The plaintiff's bar, ever searching for victims to represent, has been exercising its own militancy. In August 2002, lawyers for Ashley Pelman, an overweight adolescent girl from the Bronx, N.Y., and other class-action plaintiffs, sued McDonald's, charging the corporation with deceptive marketing and advertising of "addictive" food. U.S. District Judge Robert Sweet dismissed the case early the following year, arguing, "If customers know the risks, they cannot blame McDonald's if they, nonetheless, choose to satiate their appetite with a surfeit of supersized McDonald's products."
If only he had left things at that.
Unfortunately, Judge Sweet also offered the plaintiffs advice on how to remedy their suit, emphasizing that McDonald's customers should have access to more thorough information. Predictably, Pelman's lawyer, Samuel Hirsch, two years later filed an amended complaint, albeit on narrower grounds. John "Sue the Bastards" Banzhaf, a renowned George Washington University law professor and adviser to the plaintiffs, is hopeful Hirsch will discover documents embarrassing to the corporation.
For the record, in a separate case several years ago some of Banzhaf's students took McDonald's to court, winning a $12.5 million judgment from the company, plus a public apology for claiming its french fries were cooked in pure vegetable oil. He knows which side his bread is buttered.

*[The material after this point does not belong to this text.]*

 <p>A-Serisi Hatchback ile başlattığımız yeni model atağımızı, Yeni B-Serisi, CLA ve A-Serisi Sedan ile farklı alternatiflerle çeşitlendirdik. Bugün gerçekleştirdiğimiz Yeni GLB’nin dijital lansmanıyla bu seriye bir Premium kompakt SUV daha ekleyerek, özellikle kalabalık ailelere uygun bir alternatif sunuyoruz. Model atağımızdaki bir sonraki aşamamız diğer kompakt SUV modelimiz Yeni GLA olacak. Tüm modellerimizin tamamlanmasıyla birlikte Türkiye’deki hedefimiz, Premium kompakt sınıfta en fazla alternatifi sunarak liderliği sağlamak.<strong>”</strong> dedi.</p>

Such outcomes suggest almost limitless opportunities for creative pleading. Why, after all, stop at punishing the sale of fatty foods? Why not prohibit any activity that contributes to obesity?
New York State Assemblyman Felix Ortiz (D) already has this bright idea. A few years ago the Brooklyn legislator proposed six separate bills that would have slapped high taxes on the sale of fatty foods, movie tickets, video games, DVD rentals and other items ostensibly promoting sedentary living. The projected extra $50 million a year in revenue, he argued, could be earmarked for public exercise and nutrition programs.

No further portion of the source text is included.